Islamistische Machtausübung
Es gibt unterhalb der Ebene organisierten extremistischen Einflusses in manchen Schulgemeinschaften ungute, häufig verdeckt bleibende Herrschaftsstrukturen innerhalb der Jahrgänge und Klassen. Die am meisten davon betroffenen sind diejenigen, die von den Akteuren als Musliminnen registriert werden. In aller Regel geht es um männliche Bevormundung zum Nachteil des weiblichen Geschlechts. Diese Bevormundung kann die Kleidung betreffen, aber auch die Beteiligung am Unterricht, wenn es um „heiße Themen“ geht, wie z.B. die Ehe und andere Lebensformen, die Sexualität oder die Emanzipation der Frau. Die Pädagogik in diesem Feld braucht neue Antennen für die horizontale Menschenrechtsverletzung, und diese Erwartung kann nicht die einzelne Lehrperson erfüllen, sondern sie ist eine Verpflichtung der ganzen Schule. Verborgene Formen der religiös motivierten Unterdrückung unter Gleichaltrigen aufzuspüren, ist ein hervorragender Anlass, die Schülerschaft demokratisch wachzurütteln und in die Prävention peer-to-peer miteinzubeziehen.
Von Kurt Edler ist 2015 das Buch Islamismus als pädagogische Herausforderung im Kohlhammer-Verlag erschienen.
Anmerkungen
[1] s. dazu die Tabelle „Problemtypen und Lösungswege“ in K. Edler: Islamismus als pädagogische Herausforderung. Stuttgart (Kohlhammer) 2015. S. 112-114.
[2] BVG-Urteil 27.1.2015 zur Diskriminierung von Religionen in den Ländergesetzen (1 BvR 471/10)

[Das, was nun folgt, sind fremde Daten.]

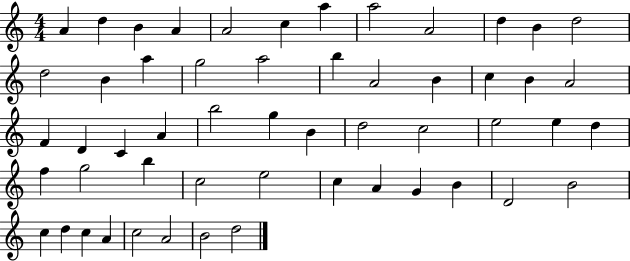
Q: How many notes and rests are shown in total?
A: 54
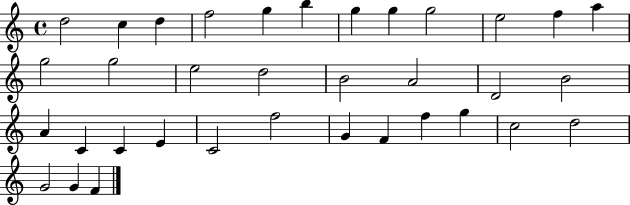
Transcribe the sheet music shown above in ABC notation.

X:1
T:Untitled
M:4/4
L:1/4
K:C
d2 c d f2 g b g g g2 e2 f a g2 g2 e2 d2 B2 A2 D2 B2 A C C E C2 f2 G F f g c2 d2 G2 G F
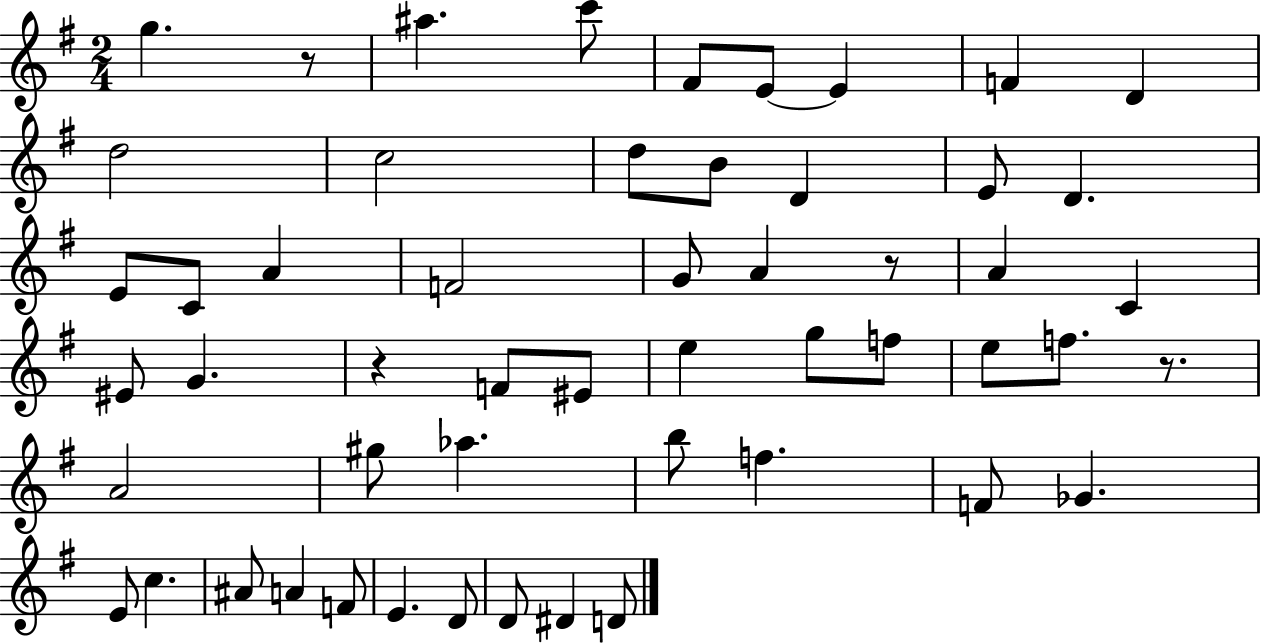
{
  \clef treble
  \numericTimeSignature
  \time 2/4
  \key g \major
  g''4. r8 | ais''4. c'''8 | fis'8 e'8~~ e'4 | f'4 d'4 | \break d''2 | c''2 | d''8 b'8 d'4 | e'8 d'4. | \break e'8 c'8 a'4 | f'2 | g'8 a'4 r8 | a'4 c'4 | \break eis'8 g'4. | r4 f'8 eis'8 | e''4 g''8 f''8 | e''8 f''8. r8. | \break a'2 | gis''8 aes''4. | b''8 f''4. | f'8 ges'4. | \break e'8 c''4. | ais'8 a'4 f'8 | e'4. d'8 | d'8 dis'4 d'8 | \break \bar "|."
}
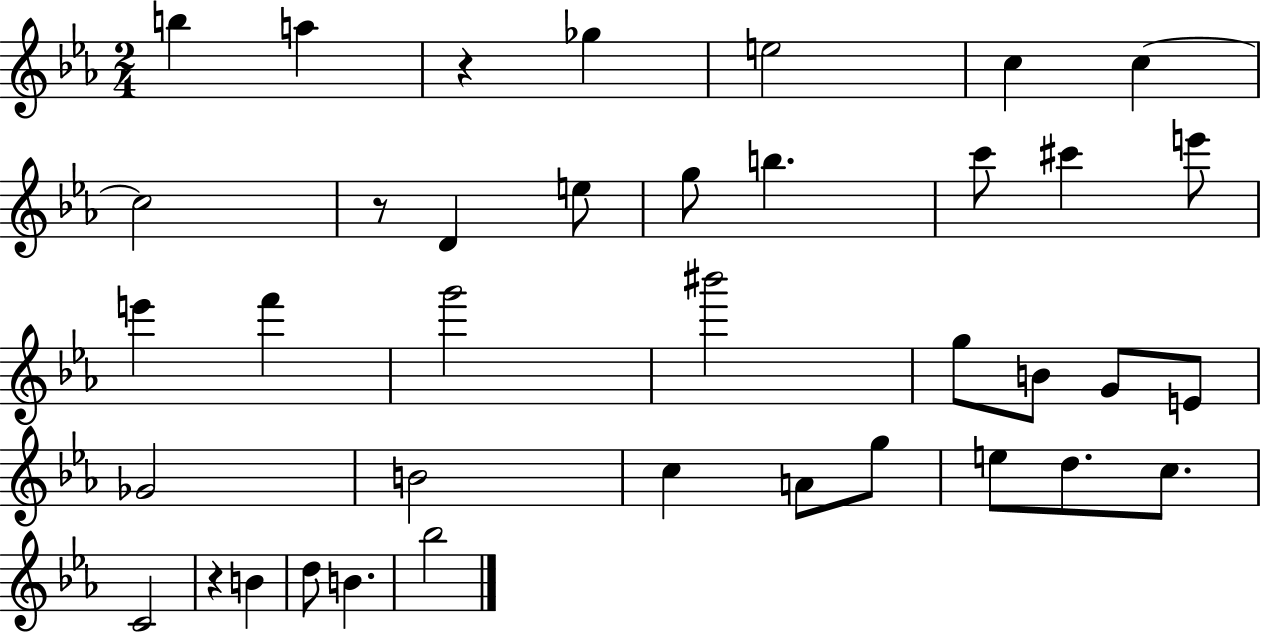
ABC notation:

X:1
T:Untitled
M:2/4
L:1/4
K:Eb
b a z _g e2 c c c2 z/2 D e/2 g/2 b c'/2 ^c' e'/2 e' f' g'2 ^b'2 g/2 B/2 G/2 E/2 _G2 B2 c A/2 g/2 e/2 d/2 c/2 C2 z B d/2 B _b2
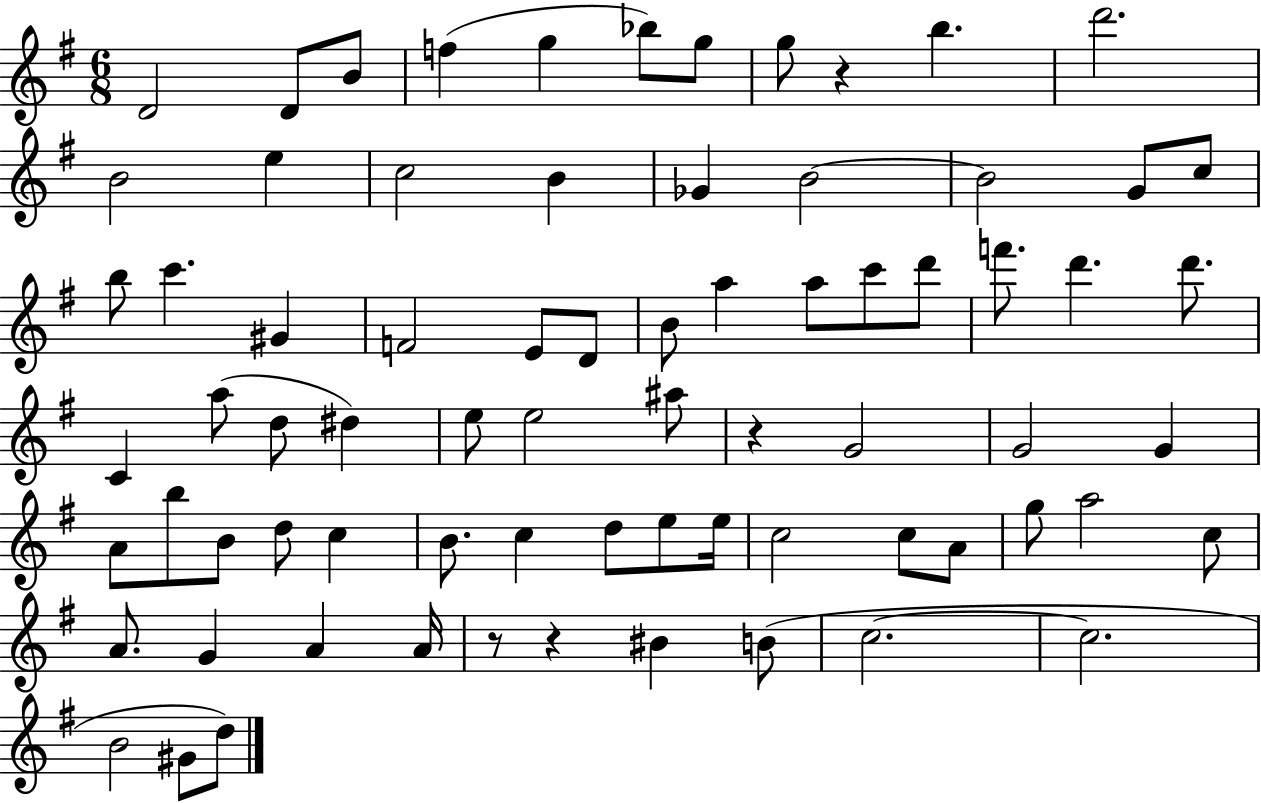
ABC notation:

X:1
T:Untitled
M:6/8
L:1/4
K:G
D2 D/2 B/2 f g _b/2 g/2 g/2 z b d'2 B2 e c2 B _G B2 B2 G/2 c/2 b/2 c' ^G F2 E/2 D/2 B/2 a a/2 c'/2 d'/2 f'/2 d' d'/2 C a/2 d/2 ^d e/2 e2 ^a/2 z G2 G2 G A/2 b/2 B/2 d/2 c B/2 c d/2 e/2 e/4 c2 c/2 A/2 g/2 a2 c/2 A/2 G A A/4 z/2 z ^B B/2 c2 c2 B2 ^G/2 d/2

[3] Maria Pottmeyer: Religiöse Kleidung in der öffentlichen Schule in Deutschland und England. Tübingen 2011.
[4] Beispiel aus Hamburg: Broschüre „Vielfalt in der Schule“ – Ratgeber für Eltern. Beratungsstelle Interkulturelle Erziehung. Landesinstitut für Lehrerbildung und Schulentwicklung. (3)2013.